Contextualizando, entende a Requerida AT que, em sede de reclamação graciosa, a Requerente, procedeu ao pagamento das liquidações adicionais e correspondentes juros compensatórios e aceitou correcções no valor de 113.594,33€, tendo confessado que, de facto, 197 produtos deveriam ter sido tributados à taxa normal de 23% e que tal não sucedeu por mero lapso na parametrização dos produtos em sistema, gerador na incorrecta liquidação a taxas reduzidas.

Nessa decorrência, a Requerente terá vindo, agora, colocar em causa as restantes correcções efectuadas pela inspecção tributária, relativas a 195 produtos, no valor de 204.224,57€.[1]
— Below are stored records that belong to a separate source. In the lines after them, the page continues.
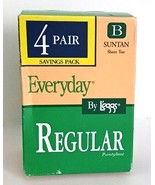 Everyday Pantyhose By L&#39;eggs One Box of 4 Pairs Sz B in Suntan - £10.23 GBP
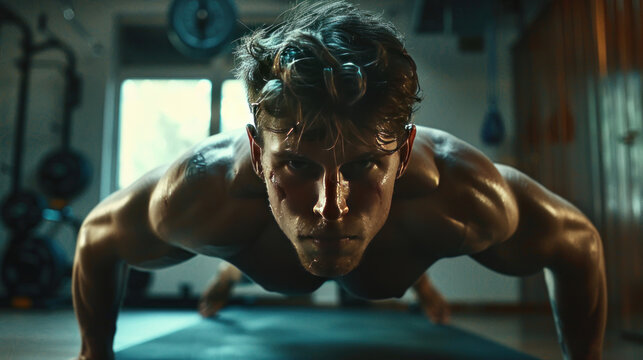 Close-up of a man doing push-ups in a home gym
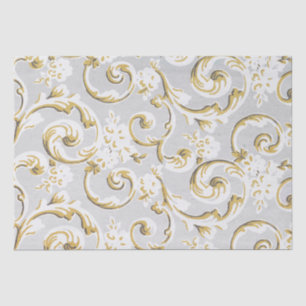 Gouden Scroll Swirl Grijs  Patroon Decoupage Tissuepapier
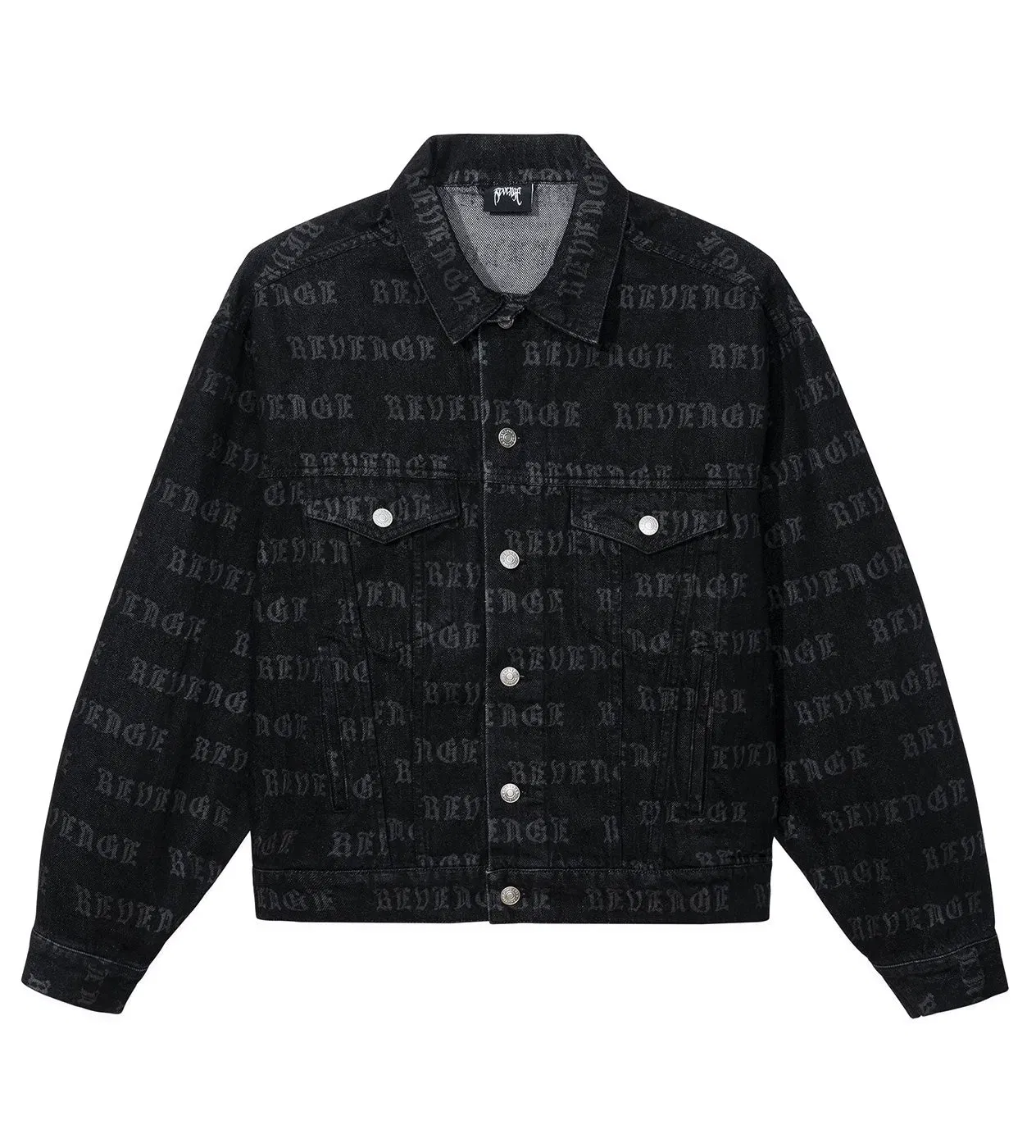 Revenge All Over Logo Denim Jacket Black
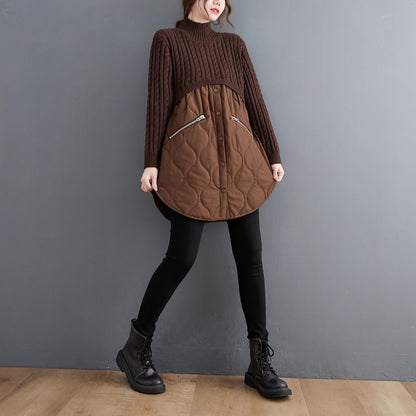 Women High Neck Winter Knitting Pullover Overcoat
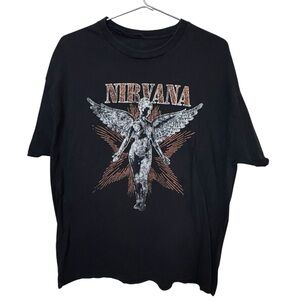Retro 90s Grunge Nirvana In Utero Album Black Graphic T-Shirt Men’s XL Rare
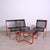 Beautiful mid-century design outdoor set, consisting of two armchairs and a coffee table, seats and black top in curved...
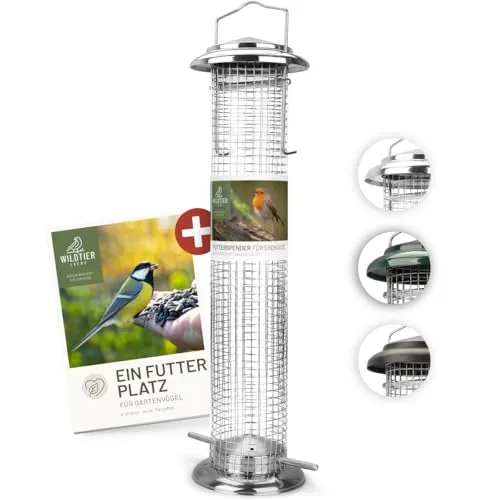 wildtier liebe Vogelfuttersäule Edelstahl 38cm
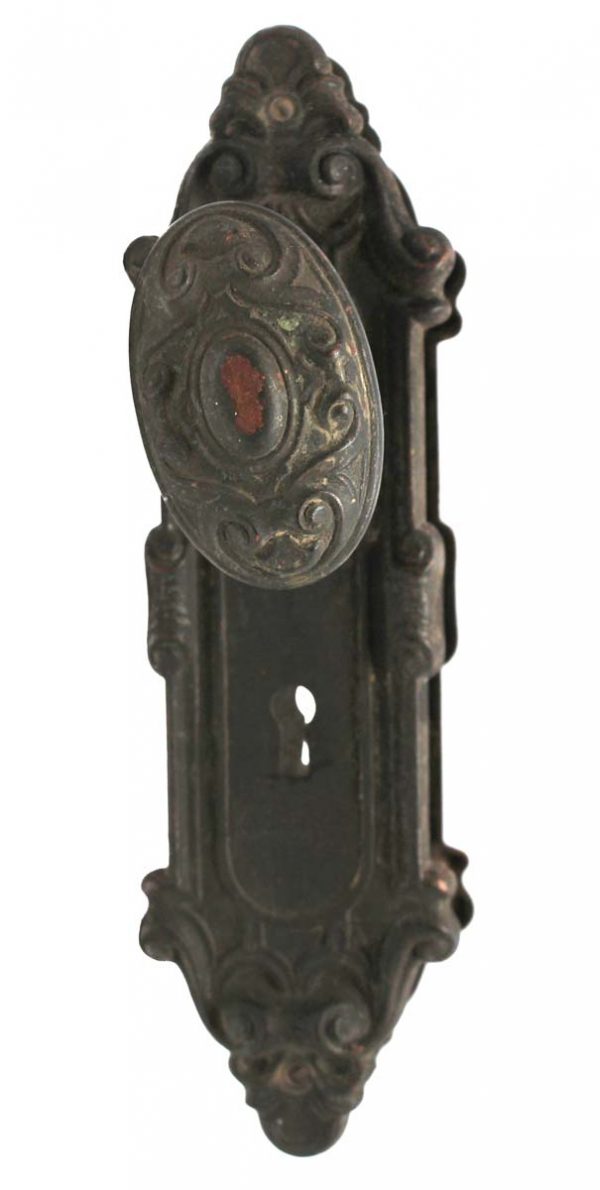 Door Knob Sets - Antique 1910s Bronze Meridian Yale & Towne Oval Door Knob Set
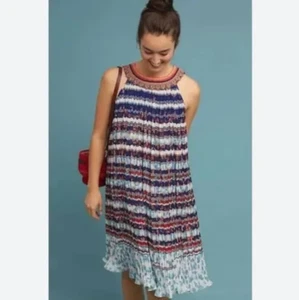 Nuevo con etiquetas Vestido recto Bhanuni By Jyoti Multicolor Viscosa Temara Cuentas Anthropologie - Imagen 1 de 10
Assim, entende a Requerida AT que a parte das correcções que a Requerente não reclamou constitui uma renúncia expressa, o que, por sua vez, constitui caso julgado o que, no seu entender, retira competência ao Tribunal para apreciar o pedido de pronúncia arbitral.

 

Por outro lado

 

  1. Da alegada existência de revogação parcial e inimpugnabilidade consequente do acto:

 

A Requerida também invoca, na mesma resposta, como exceção dilatória, que os actos tributários de liquidação (imposto e respectivos juros compensatórios) foram revogados parcialmente por força da decisão de deferimento parcial prolatada no procedimento de reclamação graciosa, pelo que, nessa parte, também não podem ser objecto de pronúncia por parte do Tribunal Arbitral, sendo inimpugnáveis.

 

Vejamos.

A Requerente apresentou Reclamação Graciosa contra os atos tributários materializados em identificadas liquidações adicionais de IVA, efetuadas na sequência de um procedimento de inspeção em que foram feitas correções no montante de € 317 818,90.

Mais tarde, e face ao indeferimento da reclamação graciosa, a Requerente propôs pedido de pronúncia arbitral no qual contestou a decisão de indeferimento da reclamação com base em vícios que alega padecerem os mesmos atos tributários materializados nas mesmas liquidações adicionais que se mantêm na ordem jurídica (exceto quanto ao montante de € 8.899,70, que corresponde à parcela da reclamação que foi deferida).

Como se decidiu no Acórdão do STA de 12-10-2016, no Processo n.º 0427/16 e constitui jurisprudência consolidada, “a impugnação judicial de indeferimento de reclamação graciosa tem por objecto imediato a decisão da reclamação e por objecto mediato os vícios imputados ao acto de liquidação”, e, assim, também “ cabe ao tribunal conhecer dos restantes vícios imputados ao acto tributário, uma vez que este é competente para conhecer em tal impugnação, quer do indeferimento da reclamação, quer dos vícios imputados ao acto tributário”.

Com efeito, de acordo com o artigo 99.º do CPPT, constitui fundamento de impugnação qualquer ilegalidade do ato, não se fazendo aí qualquer restrição relativamente aos vícios do ato de liquidação que podem ser invocados, isto é, qualquer limitação aos vícios invocados na reclamação graciosa.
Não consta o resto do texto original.